The mortuary was little more than a hut with a wooden table standing unevenly in the middle of the damp floor. Doctor Jones washed his hands in a cracked tin basin in the corner of the room and then turned his attention to the final job of the day.
The body was already on the table. Jones was annoyed that the clothes had been removed. Someone had washed the corpse, which made Jones doubly-angry. How many times had he told them that the deceased was not to be touched save by himself. To have the clothes removed was to take away possibly vital evidence. To clean the body was to wash away more evidence. Even though this one had been in the ground for a week, he would still have liked to have met the man in his original condition. Preferably still in the coffin.
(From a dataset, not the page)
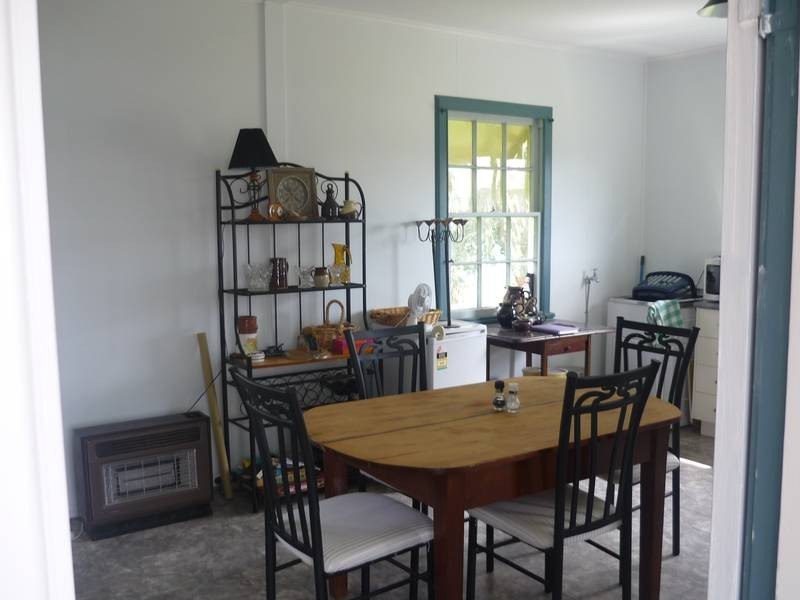 84 Border Street, Wallangarra QLD 4383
This was not morbid fascination on the part of Jones. Rather, it was typical of the methodical and meticulous way he approached his work. He did not pretend to enjoy his work for the police, and would have been happy to go home after finishing his general practice. But he suffered from a sense of duty, and he was very aware that if he did not help out when necessary then in all probability no one would.
The least he could expect, then, was that the body he was due to examine should not be tampered with. That this one had been was obvious from the moment he started his examination. He double-checked the notes he had been given, but there was no mention of a previous autopsy. Perhaps the notes were wrong — certainly surgery had been performed after death.
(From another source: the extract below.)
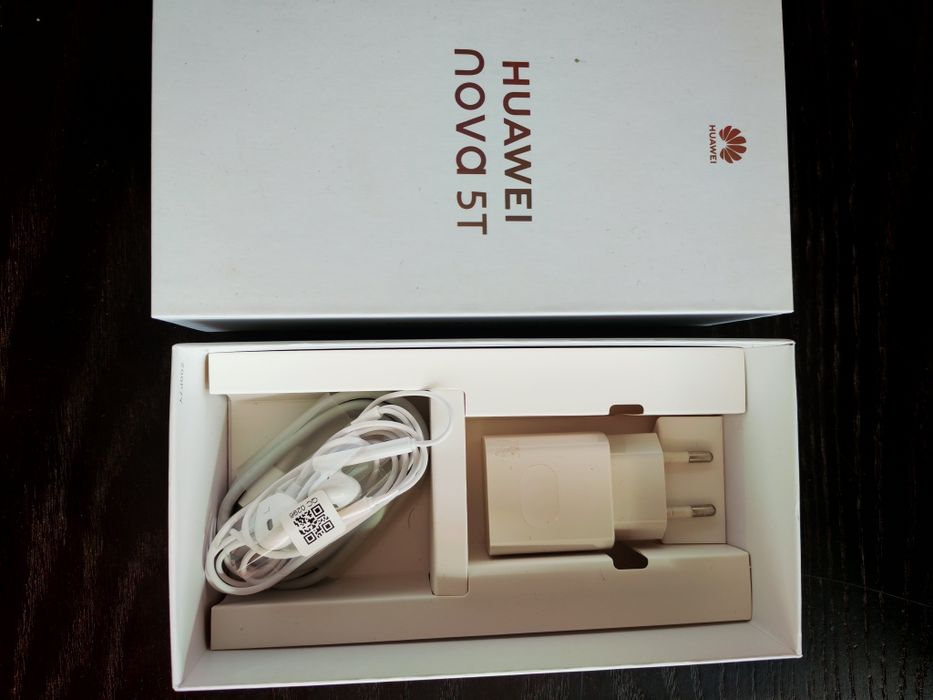 HUAWEI NOVA 5T  Crush Blue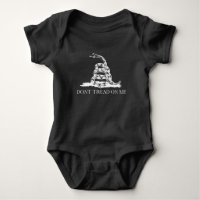 Libertarian Gadsden Flag Don't Tread on Me Black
But, Jones thought, it would take a physician more dedicated and conscientious than himself to open up a cadaver and then sew it back together so carefully. And the places where incisions had been made — there was no sense to it at all. Jones stepped back from the table and surveyed the body of Albert Wilkes. The scars were obvious to anyone with any training. They seemed to run the length of the limbs. There was evidence of incisions in the chest and even under the receding hairline. When he rolled the body on to its side he could see at once that the pattern of scars was repeated on the back of the corpse. But why? For what purpose?
Frowning and no longer tired or aware of the lateness of the hour, Jones set to work. Within minutes he was more puzzled than ever. After an hour he again stepped back from the table. He wiped his brow with his forearm. On the table beside the body was a long bone he had removed from the left leg. The flesh and skin that had surrounded it hung in loose flaps on the table. Jones just stared at it.
It did not take long for him to come to his decision. He opened the door of the small mortuary and called for the police constable who was posted to keep him company and lock up when he left.
‘You all done, sir?’ the constable asked hopefully. His hope visibly faded as he caught sight of Jones’s expression. ‘What is it, Doctor Jones?’